It is often difficult to determine when a fault occurs in a system having a shared data bus, particularly while running tests and during normal operations. Faults may be caused or triggered by messages that transfer data or send control messages to devices over such data buses. Shared data buses may be employed in systems such as Supervisory Data Acquisition (SCADA) systems and avionics systems that can operate according to one or more technical standards such as the RS-422 and MIL-STD-1553 standards.
To help solve faults in a system comprising a shared data bus, many vendors have created logging technologies that reside on the shared data bus and capture data packets being communicated via the bus. These logging technologies may miss bus glitches and packet collisions occurring on the monitored shared data bus because they decode messages before saving them, losing the raw (pre-decoded) signal information. For this and other reasons, when glitches are missed or collisions occur, these logging technologies can miss these anomalies.

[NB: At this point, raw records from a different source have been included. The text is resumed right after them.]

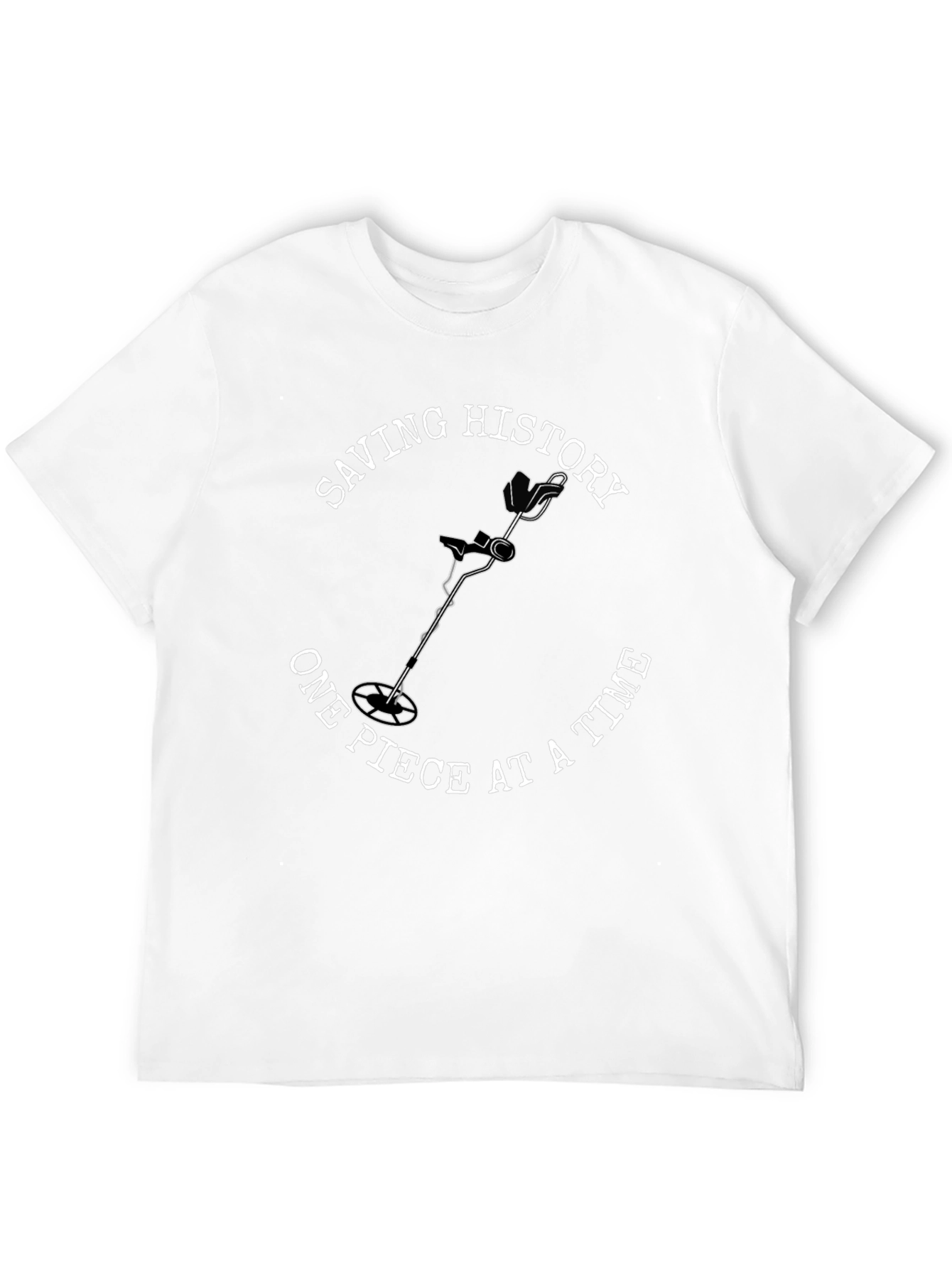 Saving History Metal Detecting Graphic T-Shirt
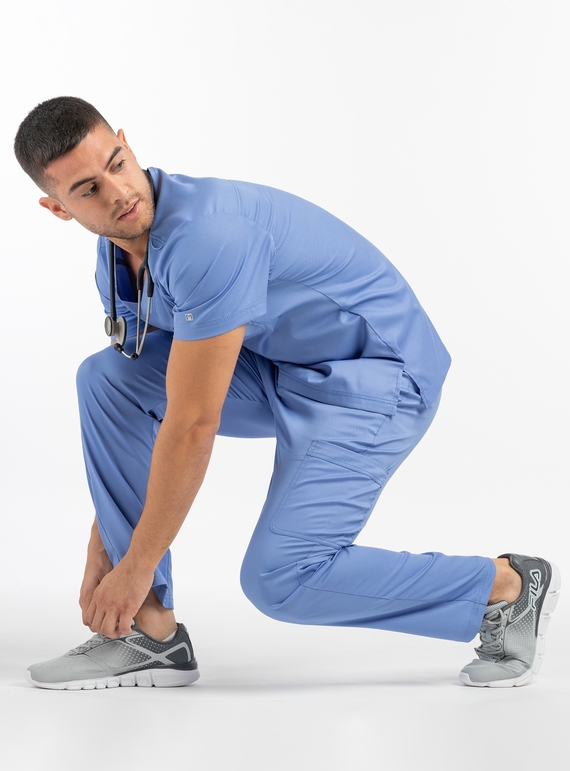 Matrix Half Elastic Waistband Cargo Scrub Pant - Men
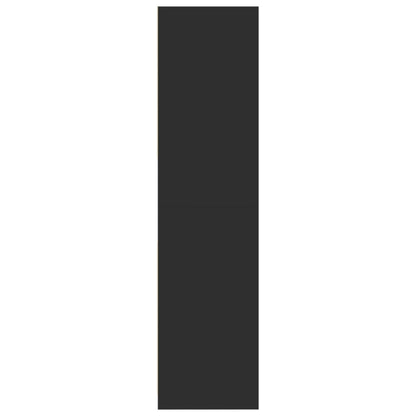 Armadio Nero 80x50x200 cm in Legno Multistrato - homemem39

Shared data bus logging systems may have other hurdles associated with logging data being continuously streamed. For example, the MIL-STD-1553 data bus has a throughput rate of 1 MHz or 1,000,000 samples per second, and it employs a differential pair that can double that rate up to 2 MHz. Each bus also may include a backup bus that doubles the total amount of data being transferred in the system again. Because of limitations in their storage capacity, some commercial data loggers limit the amount of data being collected to only valid data packets and do not capture all data being streamed. However, to adequately capture an entire MIL-STD-1553 bus signaling, a logging system may need to sample at an effective minimum rate of up to or about 8 MHz. Accordingly, the amount of data to be captured may add up to as much as 28.8 GB per hour.